*Task prompt*.
Omitting the pictures, print every line below exactly as it stands.
#### Provided data ####
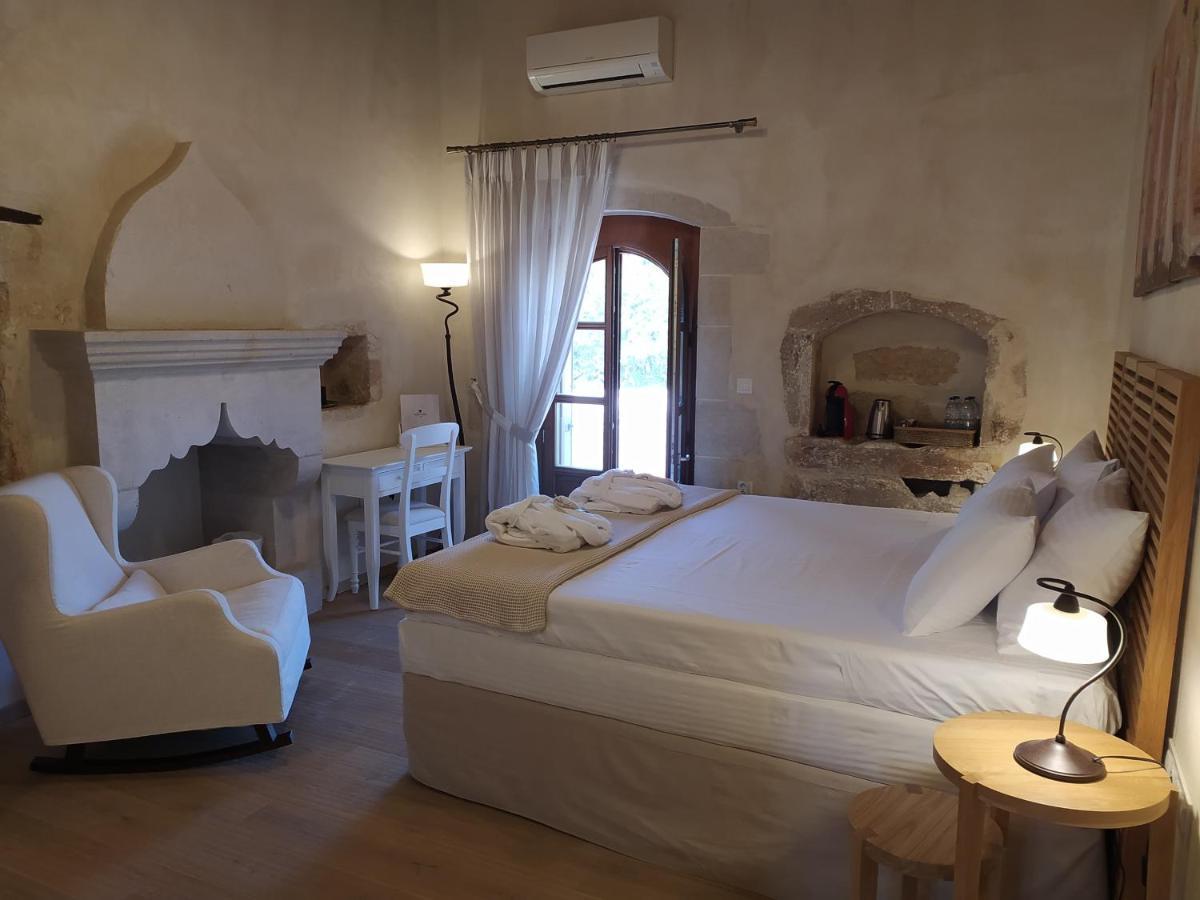 Wild Violet Villa: An Old Vision Of Luxury Melidhónion Eksteriør bilde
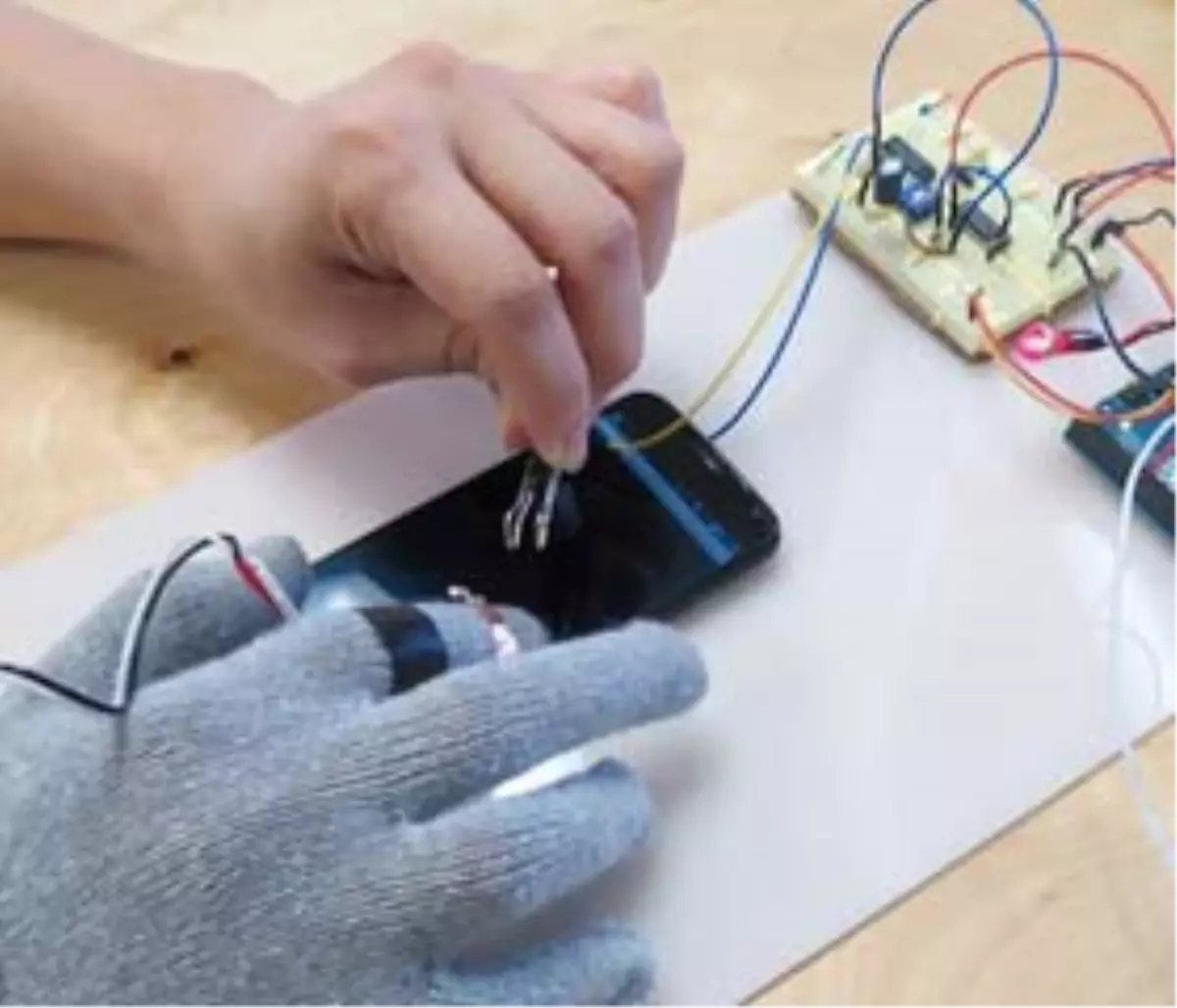 İpad\'lerin Dokunmatik Ekranı Android Rakiplerinden Daha Hızlı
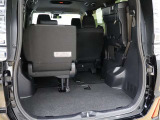 サードシートは、簡単に折りたためるワンタッチスペースアップシートです。車内に乗り込まずにラクに行えます。また、サードシート中央席ヘッドレストを取り外した際の収納スペースもあります!!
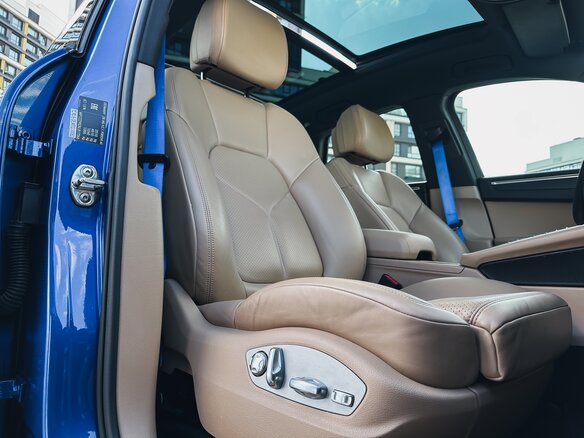 2019 Porsche Macan I Рестайлинг, синий, 4999000 рублей - вид 30
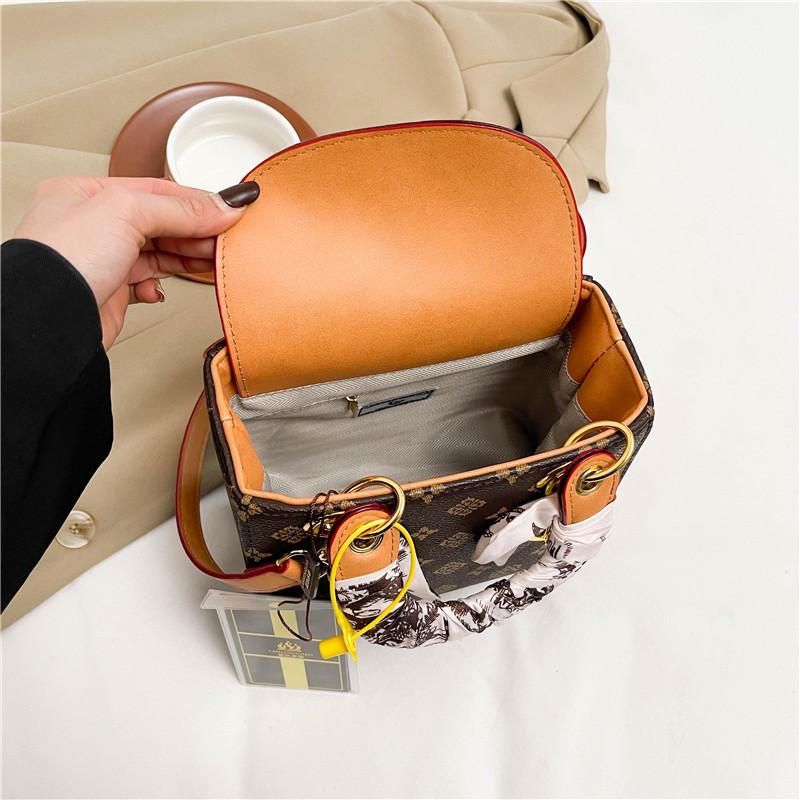 Premium bag New presbyopia contrasting color Princess Diana bag silk scarf portable shoulder women's bag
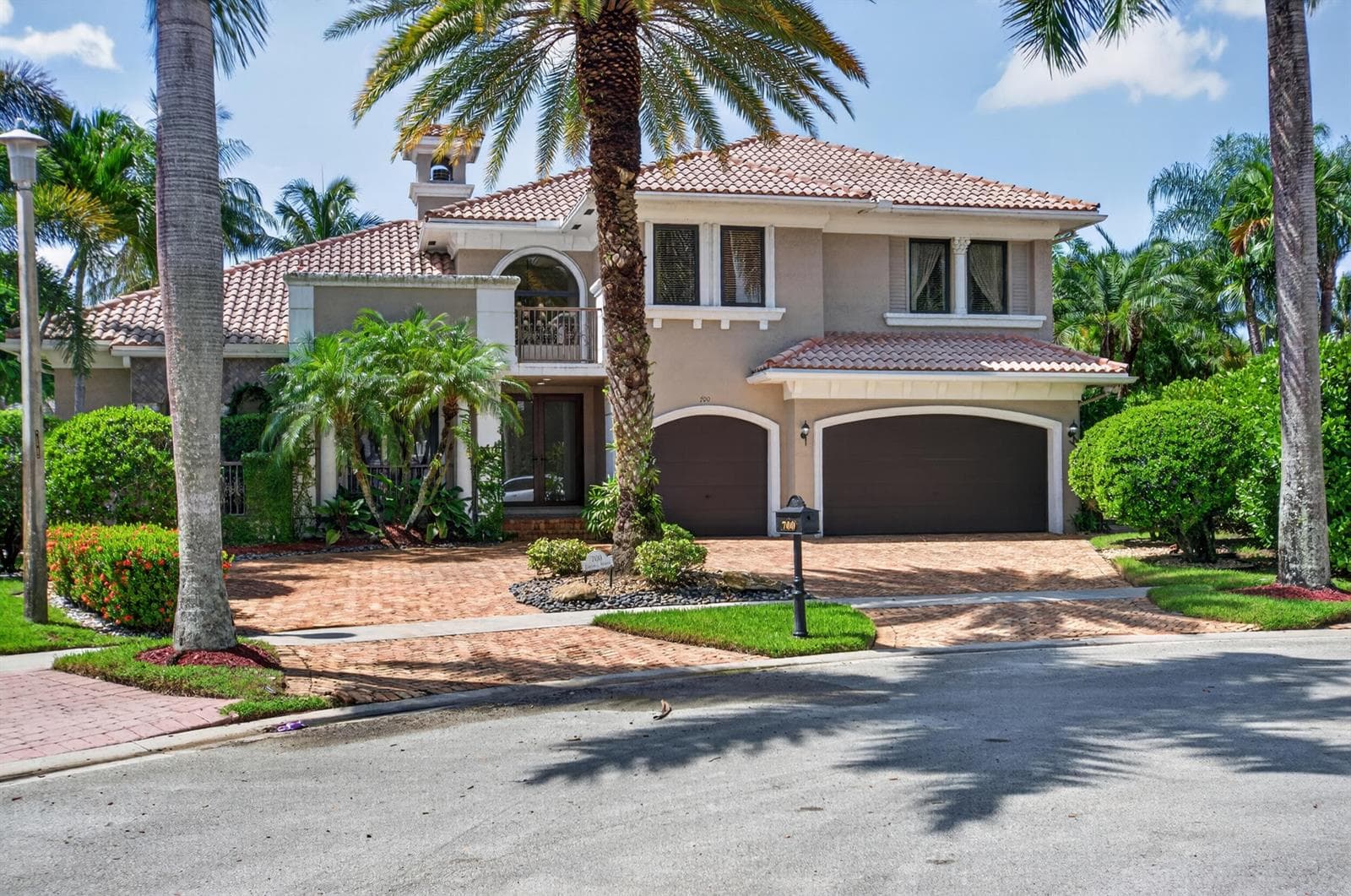 700 Cardinal Street, Plantation FL 33324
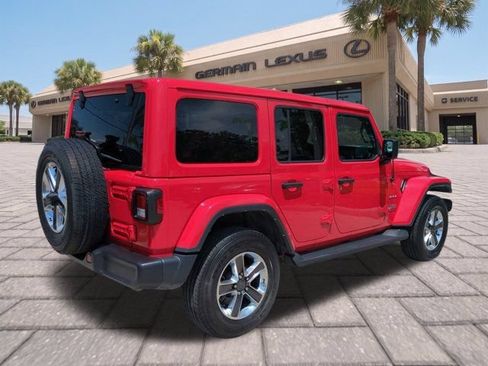 Used 2021 Jeep Wrangler Unlimited Sahara AWD/4WD image 4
####
*Reply*.
 Wild Violet Villa: An Old Vision Of Luxury Melidhónion Eksteriør bilde
 İpad\'lerin Dokunmatik Ekranı Android Rakiplerinden Daha Hızlı
 サードシートは、簡単に折りたためるワンタッチスペースアップシートです。車内に乗り込まずにラクに行えます。また、サードシート中央席ヘッドレストを取り外した際の収納スペースもあります!!
 2019 Porsche Macan I Рестайлинг, синий, 4999000 рублей - вид 30
 Premium bag New presbyopia contrasting color Princess Diana bag silk scarf portable shoulder women's bag
 700 Cardinal Street, Plantation FL 33324
 Used 2021 Jeep Wrangler Unlimited Sahara AWD/4WD image 4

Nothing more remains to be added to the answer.